What is being asked: All lines from the one bearing "Coastal Palms Inn and Suites" through the end of the data below must be printed exactly as they stand, with pictures removed.

Data block:
[Start of Attachment]

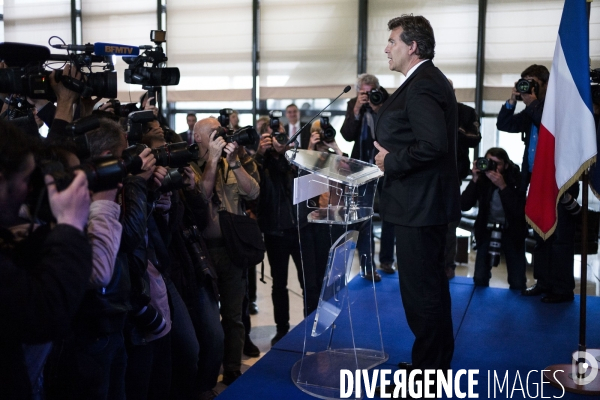 Conference de presse d Arnaud MONTEBOURG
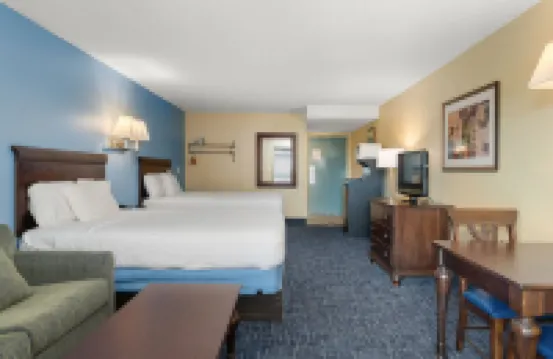 Coastal Palms Inn and Suites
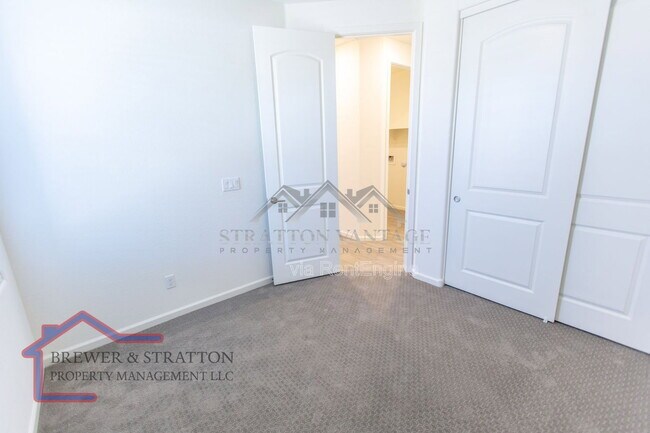 Building Photo - 827 W Nova Pl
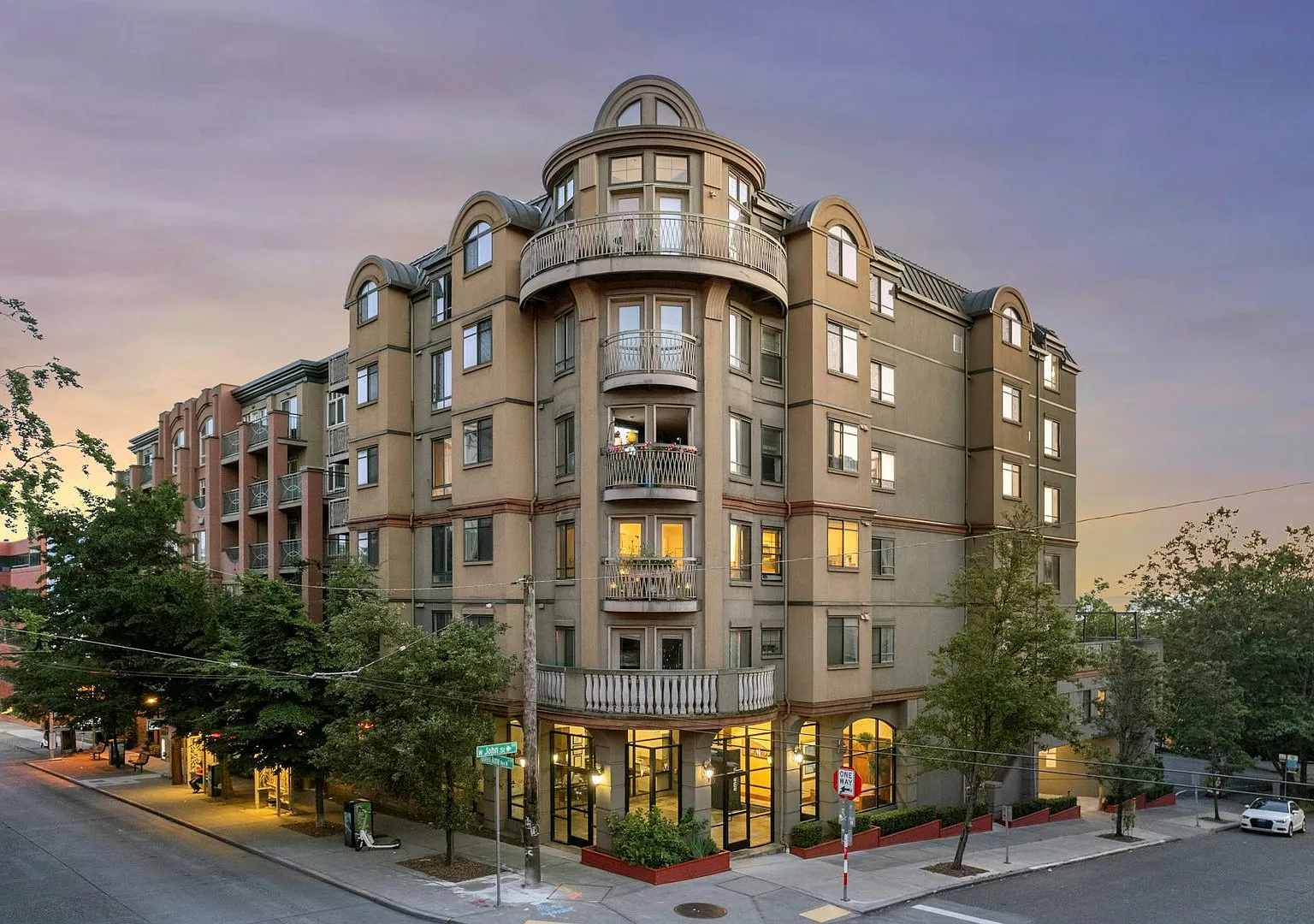 Water Views + Private Deck | Updated 2BR Condo — Photo 2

[End of Attachment]

Task solution:
 Coastal Palms Inn and Suites
 Building Photo - 827 W Nova Pl
 Water Views + Private Deck | Updated 2BR Condo — Photo 2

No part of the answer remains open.